◆ **Information supplied**:
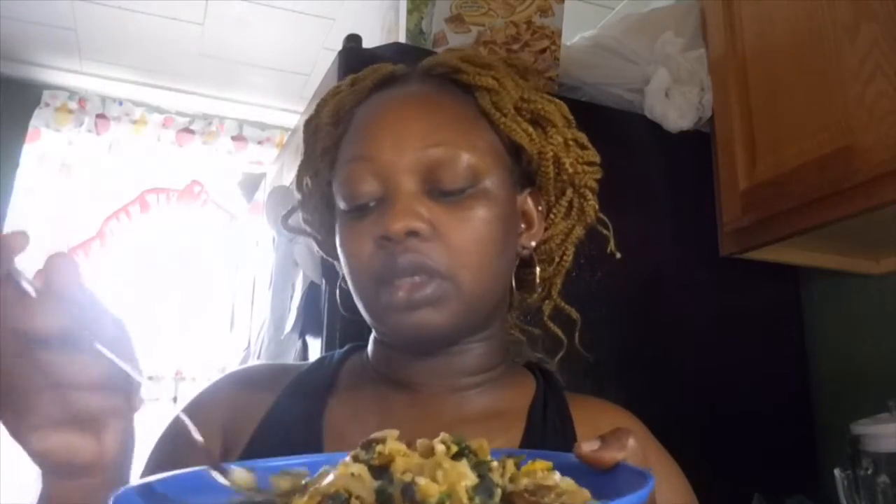So guys, this is my brunch. You finally see me eating it. But this is so fulfilling — you don't need anything else. But if you want, you can use fruits, a slice of bread, toast, or a waffle. You can make it any way you want. Thank you guys for watching and I'll see you in my next video. Bye bye!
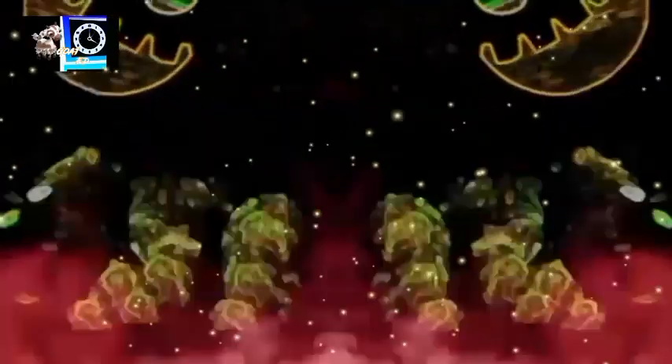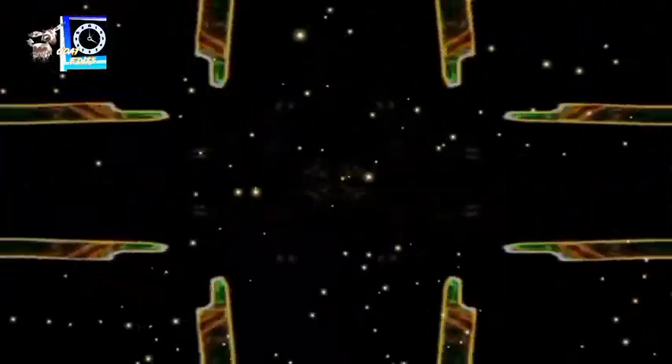Dickory Dickory Dock video clip effects. The bear and the elephant scene. Made by Goat Edits 1989 version.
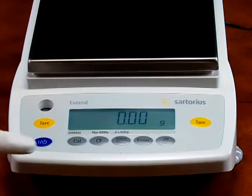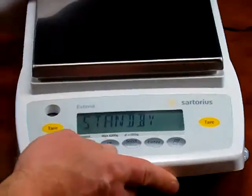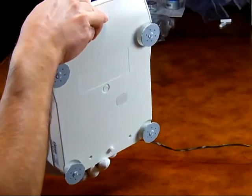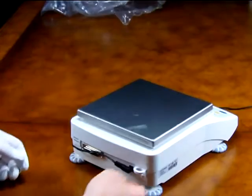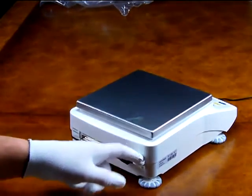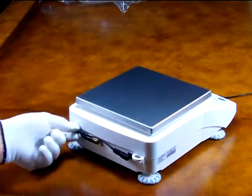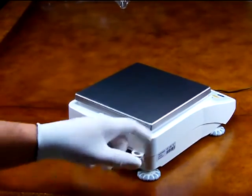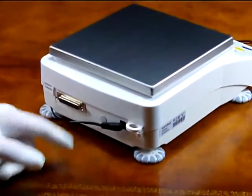The balance features a spirit level in the front so that you can level the balance. We also have four adjustable feet — many balances on the market only have two adjustable feet in the rear. Another great feature is a mounting bracket so you can put a cable lock through it. If this was at a college or any kind of business where you wanted to lock down the balance, you can put a master lock cable through here.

◆ **What is required**: Leave out the pictures, then reproduce exactly the run of lines from the one that contains "Dickory Dickory Dock" to the final line of the listing above.

◆ **Task response**:
Dickory Dickory Dock video clip effects. The bear and the elephant scene. Made by Goat Edits 1989 version.
The balance features a spirit level in the front so that you can level the balance. We also have four adjustable feet — many balances on the market only have two adjustable feet in the rear. Another great feature is a mounting bracket so you can put a cable lock through it. If this was at a college or any kind of business where you wanted to lock down the balance, you can put a master lock cable through here.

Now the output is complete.